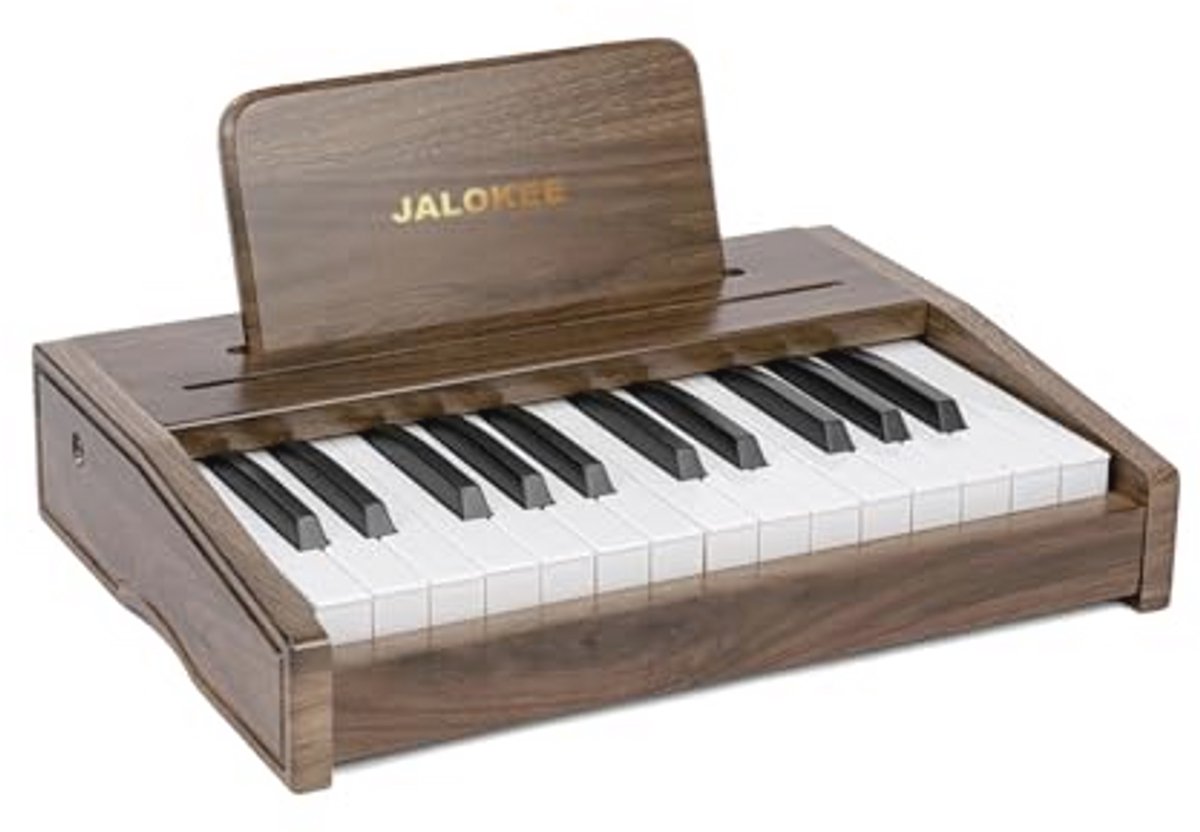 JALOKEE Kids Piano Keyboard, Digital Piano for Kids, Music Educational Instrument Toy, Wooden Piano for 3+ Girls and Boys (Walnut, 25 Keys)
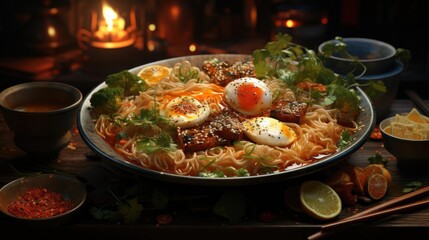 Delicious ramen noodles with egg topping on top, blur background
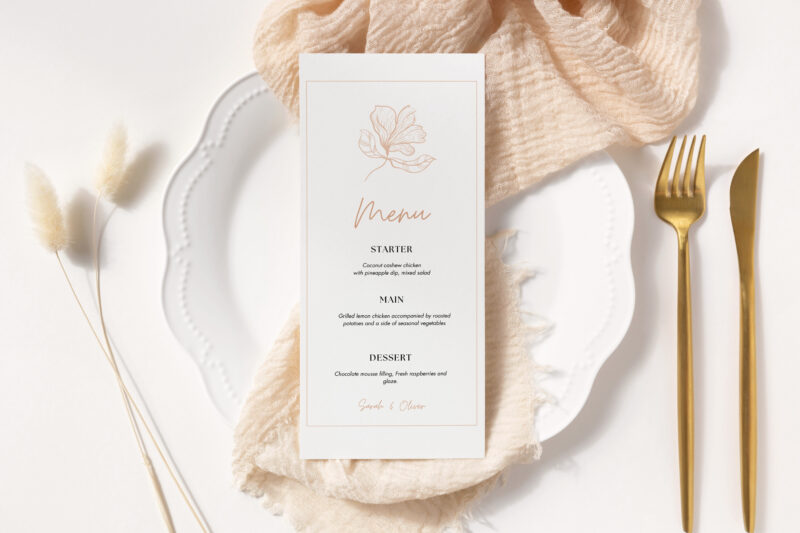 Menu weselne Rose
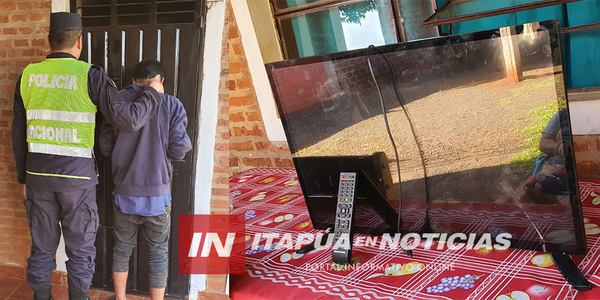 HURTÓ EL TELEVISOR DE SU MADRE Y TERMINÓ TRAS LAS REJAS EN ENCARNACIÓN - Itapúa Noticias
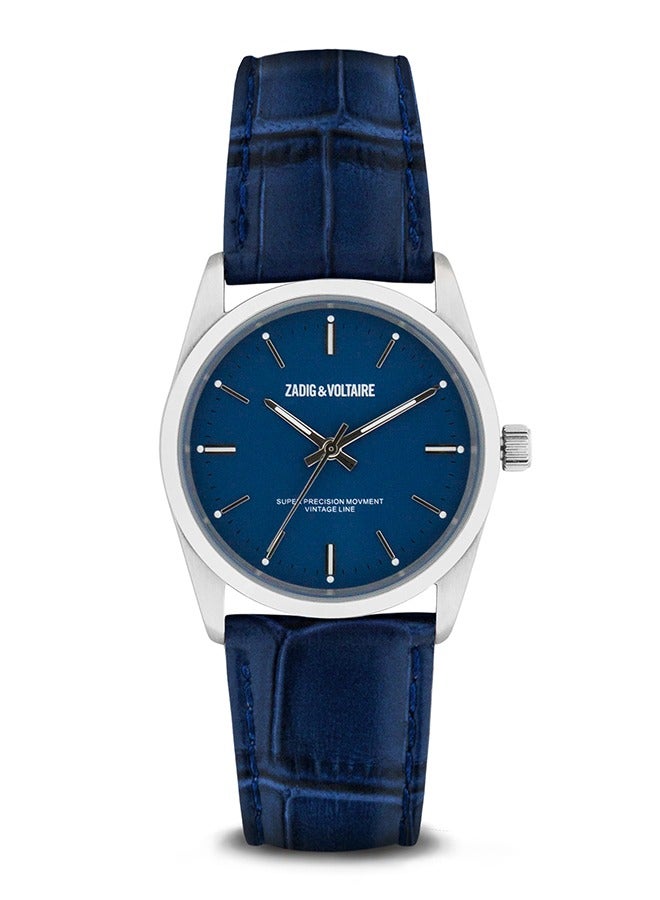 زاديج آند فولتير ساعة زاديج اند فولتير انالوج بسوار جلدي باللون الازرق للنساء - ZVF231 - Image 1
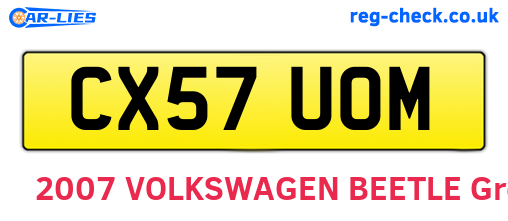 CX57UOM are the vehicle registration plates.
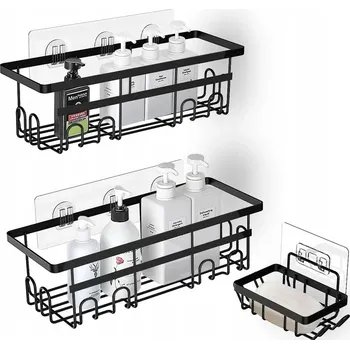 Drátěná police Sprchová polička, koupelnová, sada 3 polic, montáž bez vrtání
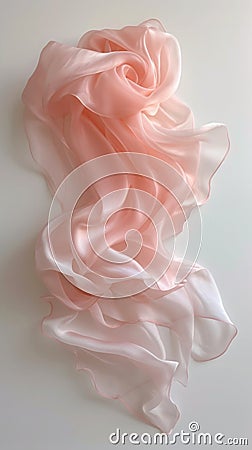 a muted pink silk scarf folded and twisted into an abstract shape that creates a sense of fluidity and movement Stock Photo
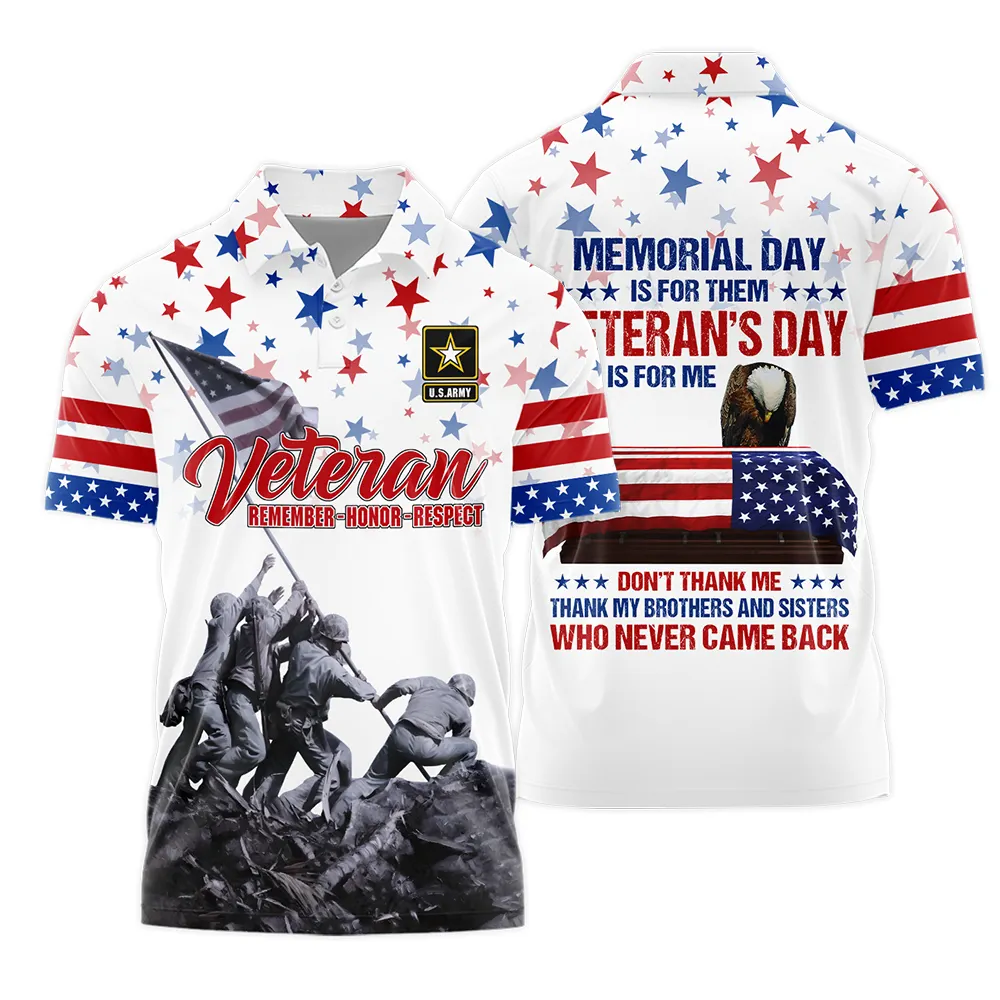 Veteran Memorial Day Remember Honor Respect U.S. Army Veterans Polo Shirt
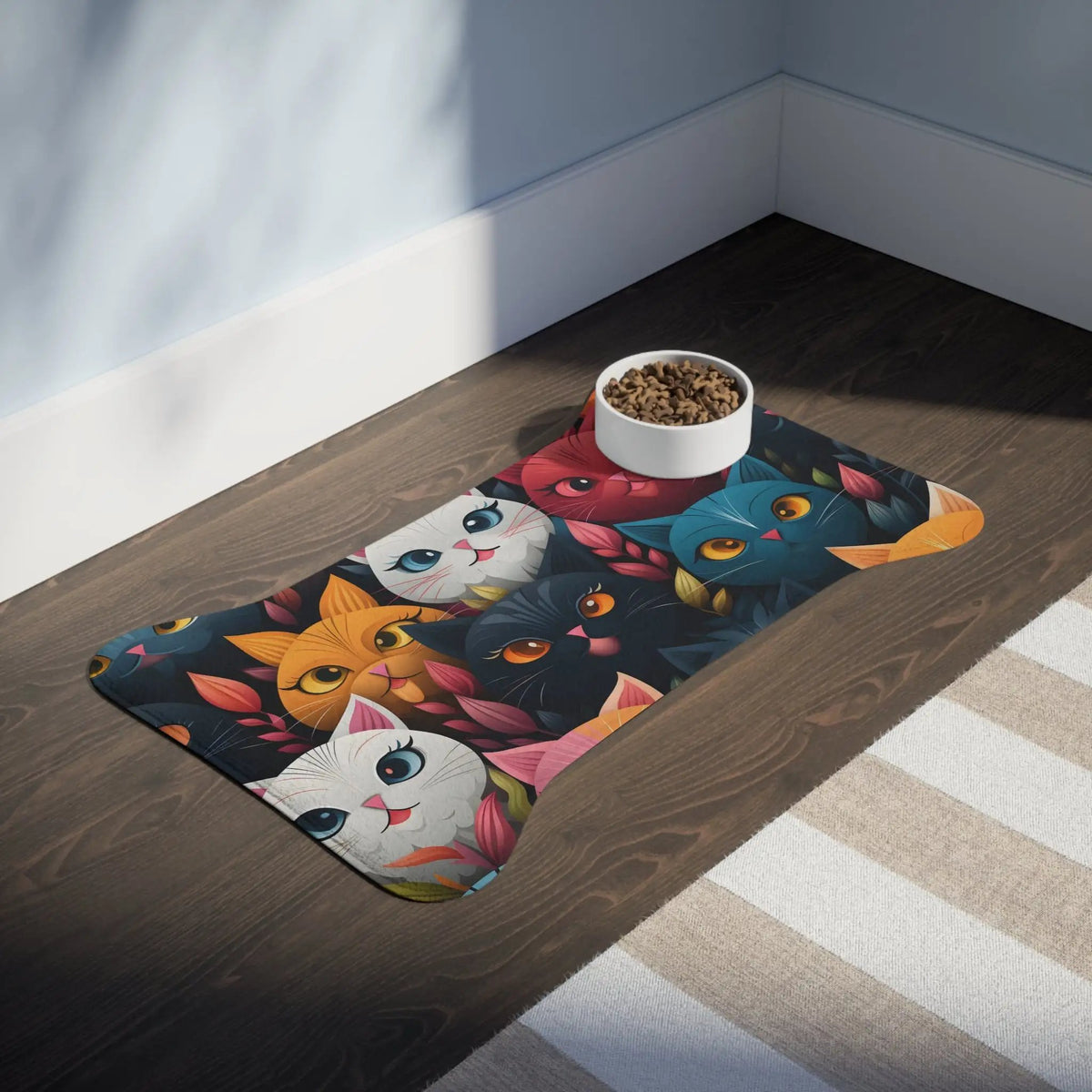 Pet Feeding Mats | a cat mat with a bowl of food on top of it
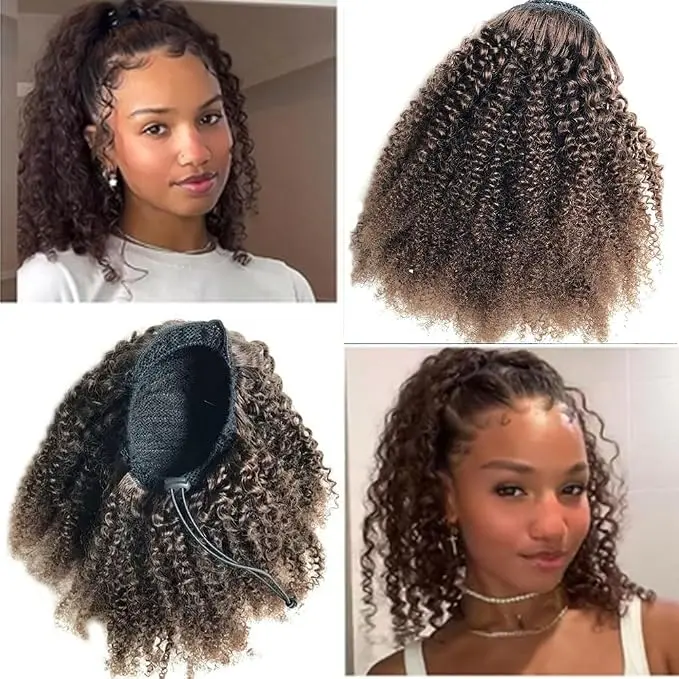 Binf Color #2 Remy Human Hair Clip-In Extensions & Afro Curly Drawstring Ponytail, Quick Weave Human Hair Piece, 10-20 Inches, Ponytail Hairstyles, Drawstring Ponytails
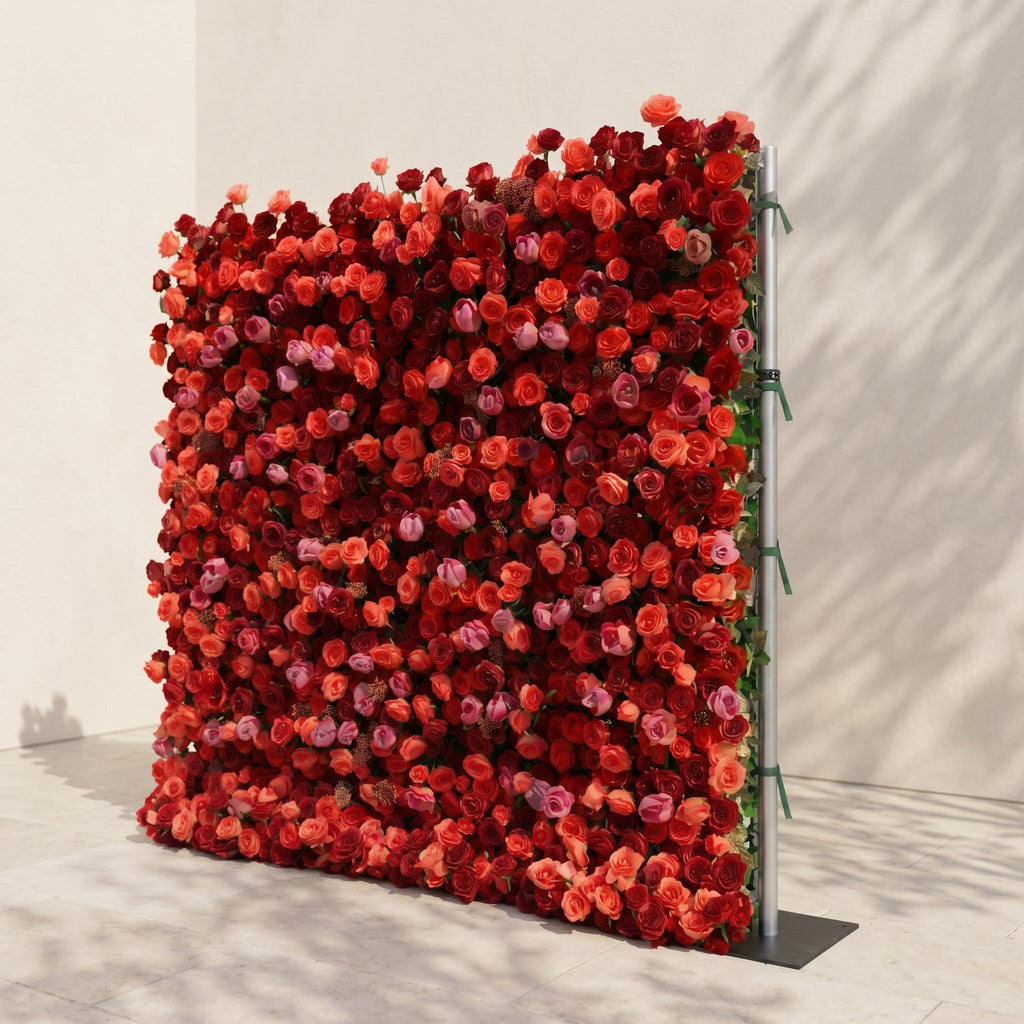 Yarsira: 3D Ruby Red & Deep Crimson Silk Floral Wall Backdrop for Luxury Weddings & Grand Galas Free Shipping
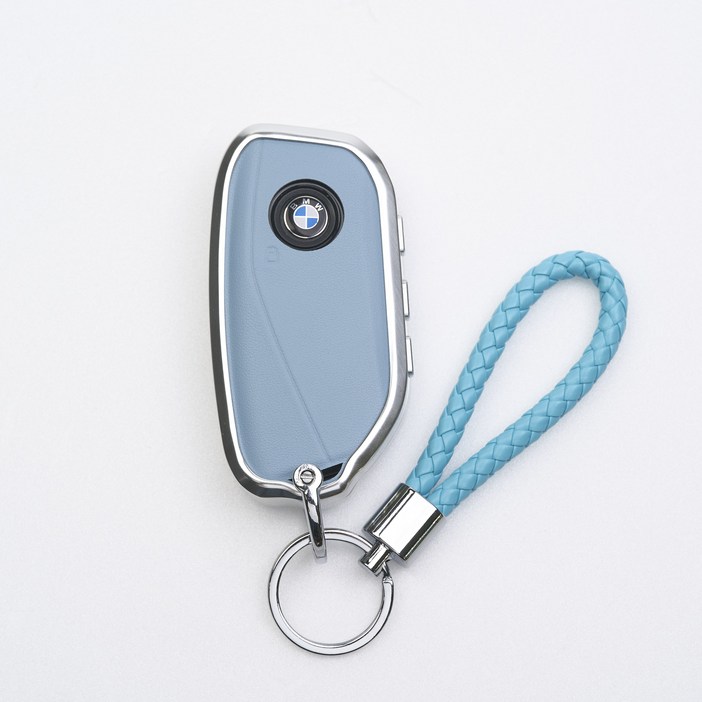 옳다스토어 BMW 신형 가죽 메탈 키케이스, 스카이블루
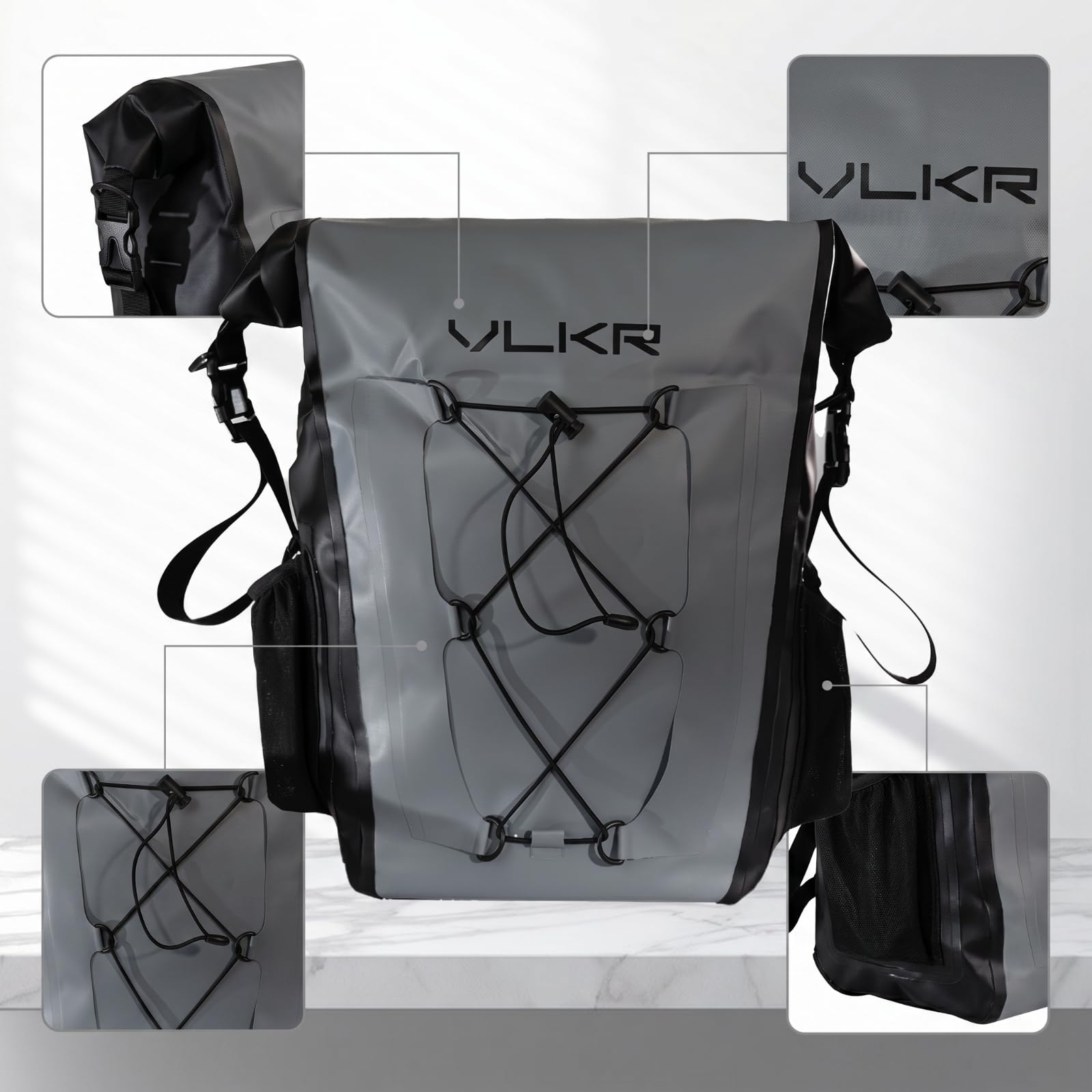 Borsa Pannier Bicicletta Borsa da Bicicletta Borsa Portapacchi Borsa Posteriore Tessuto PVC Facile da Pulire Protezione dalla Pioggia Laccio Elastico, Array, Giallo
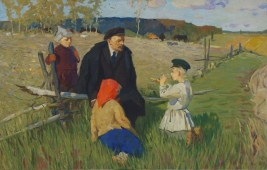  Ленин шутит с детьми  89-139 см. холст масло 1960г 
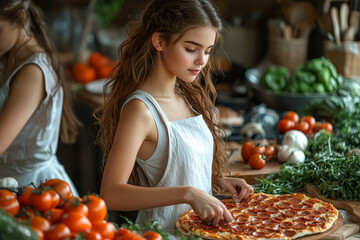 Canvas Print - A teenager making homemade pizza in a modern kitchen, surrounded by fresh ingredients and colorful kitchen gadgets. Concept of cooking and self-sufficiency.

□ □ □ □ □ □ □

• **Work to be completed**: Among the entries above, take the lines from the one with "زاديج آند فولتير" through the one with "Yarsira: 3D Ruby" and retype them exactly, leaving out the pictures.

• **Exercise output**:
 زاديج آند فولتير ساعة زاديج اند فولتير انالوج بسوار جلدي باللون الازرق للنساء - ZVF231 - Image 1
 CX57UOM are the vehicle registration plates.
 Drátěná police Sprchová polička, koupelnová, sada 3 polic, montáž bez vrtání
 a muted pink silk scarf folded and twisted into an abstract shape that creates a sense of fluidity and movement Stock Photo
 Veteran Memorial Day Remember Honor Respect U.S. Army Veterans Polo Shirt
 Pet Feeding Mats | a cat mat with a bowl of food on top of it
 Binf Color #2 Remy Human Hair Clip-In Extensions & Afro Curly Drawstring Ponytail, Quick Weave Human Hair Piece, 10-20 Inches, Ponytail Hairstyles, Drawstring Ponytails
 Yarsira: 3D Ruby Red & Deep Crimson Silk Floral Wall Backdrop for Luxury Weddings & Grand Galas Free Shipping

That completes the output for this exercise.